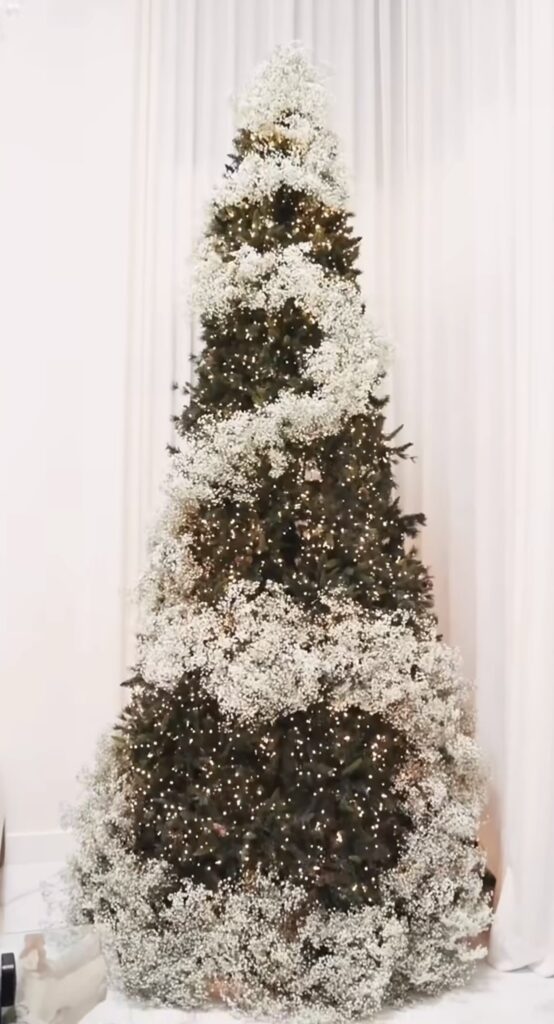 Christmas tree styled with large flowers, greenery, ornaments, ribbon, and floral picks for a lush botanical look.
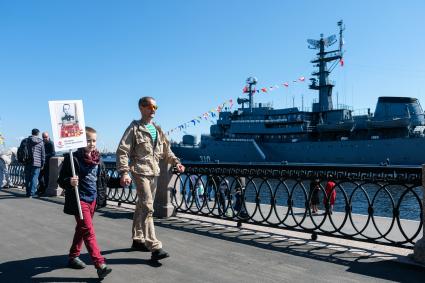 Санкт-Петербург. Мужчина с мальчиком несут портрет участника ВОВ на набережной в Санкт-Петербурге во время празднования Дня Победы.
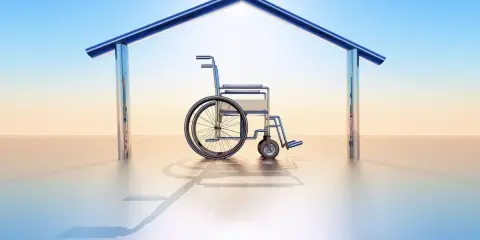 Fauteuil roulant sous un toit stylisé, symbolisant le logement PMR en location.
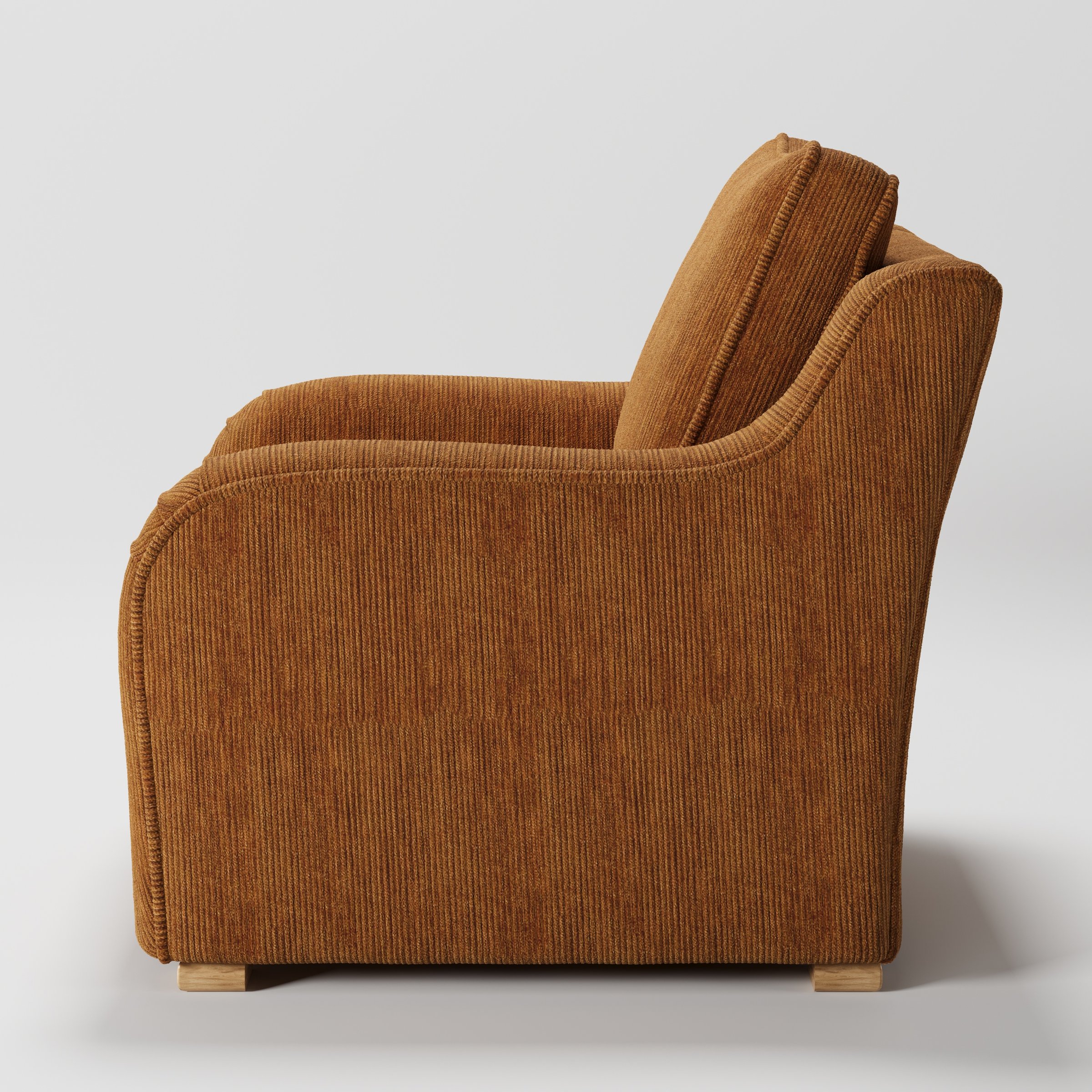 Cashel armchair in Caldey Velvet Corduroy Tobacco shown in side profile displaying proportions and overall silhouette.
--
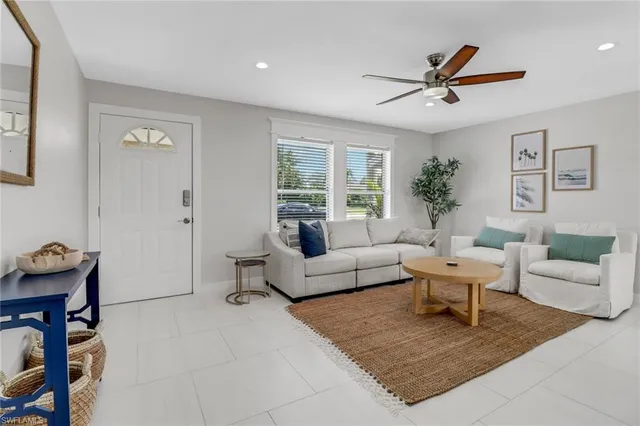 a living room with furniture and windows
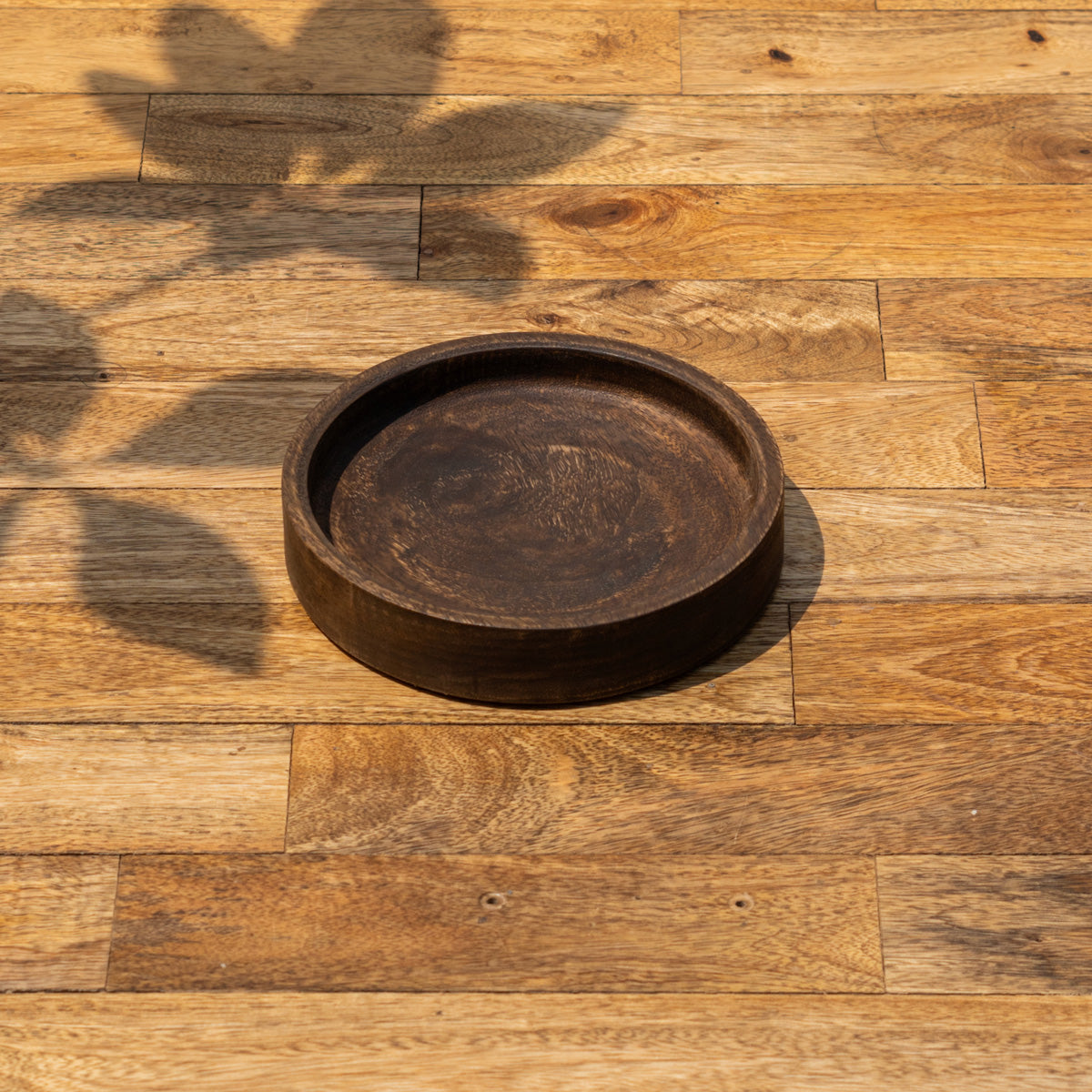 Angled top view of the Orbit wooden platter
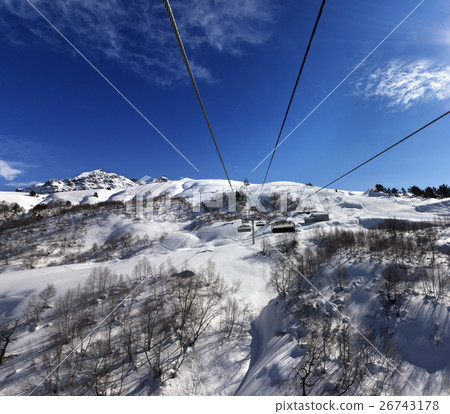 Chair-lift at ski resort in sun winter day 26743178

◆ EXERCISE:
Make an exact copy of the lines above, beginning with the line with "Angled top view of the Orbit wooden platter" and ending with the line with "Chair-lift at ski", and keep the pictures out of it.

◆ YOUR SOLUTION:
 Angled top view of the Orbit wooden platter
 Chair-lift at ski resort in sun winter day 26743178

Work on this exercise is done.